Rock Never Dies—But It Does Get Older and Wiser

Paul Natkin / Getty

Updated at 9:22 a.m. ET on July 2, 2022.

This is an edition of The Atlantic Daily, a newsletter that guides you through the biggest stories of the day, helps you discover new ideas, and recommends the best in culture. Sign up for it here.

It’s been a week full of ghastly revelations and depressing events, so let’s step away from the stress of politics and think about music heading into this holiday weekend.

But first, here are three great stories from The Atlantic.

Like the Rest of Us

Even among my peers, my takes on popular music are widely considered terrible. I am not sure I can redeem myself here—I will always prefer Boston’s debut album to anything by Led Zeppelin—but maybe I can recommend something today that could bridge the musical tastes of a few generations.
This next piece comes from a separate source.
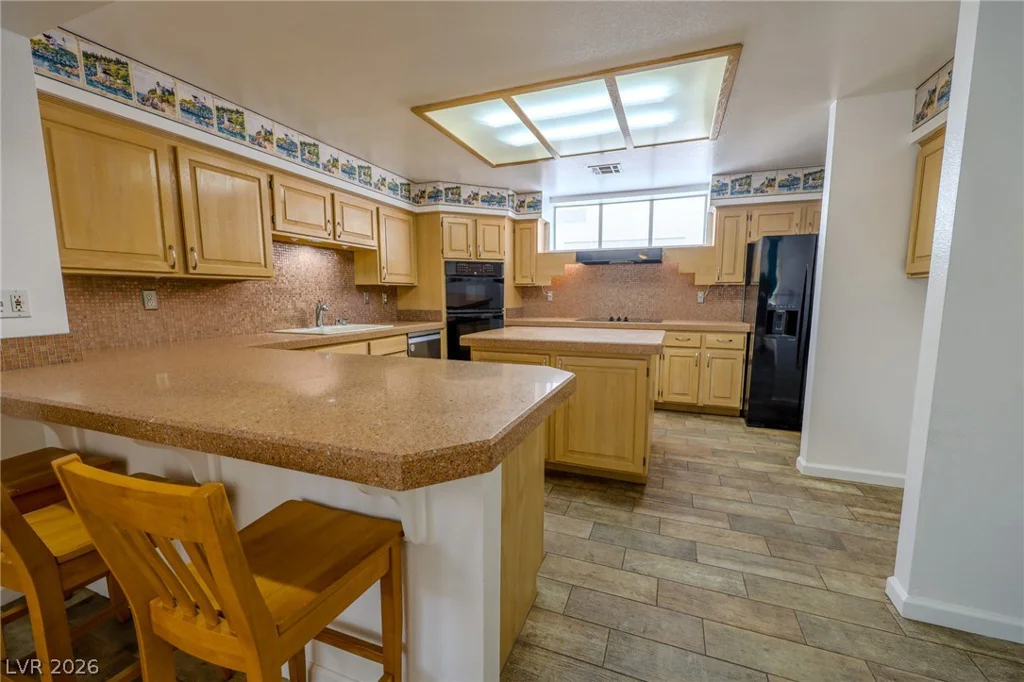 405 Mill Hollow, Las Vegas, NV 89107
I am technically a “late Boomer,” but I have nothing in common with the Boomers: I have never been interested in hearing the Rolling Stones squeeze a few more bucks out of a stadium crowd, or The Who swearing they’re retiring yet again. When I reached my 40s, however, I started to become fascinated by “unplugged,” or acoustic, remakes, in which a rock artist revisits an old hit, but without the spandex, blazing guitar solos, pyrotechnics.

There’s a kind of beauty in these remakes. Rock, by its nature, encourages the confidence of youth, even when singing about heartbreak or sadness. The worst day of your life, as Homer Simpson once said, is only the worst day of your life so far, and when you’re young, even the tragedies are part of a life you’re fairly certain will continue.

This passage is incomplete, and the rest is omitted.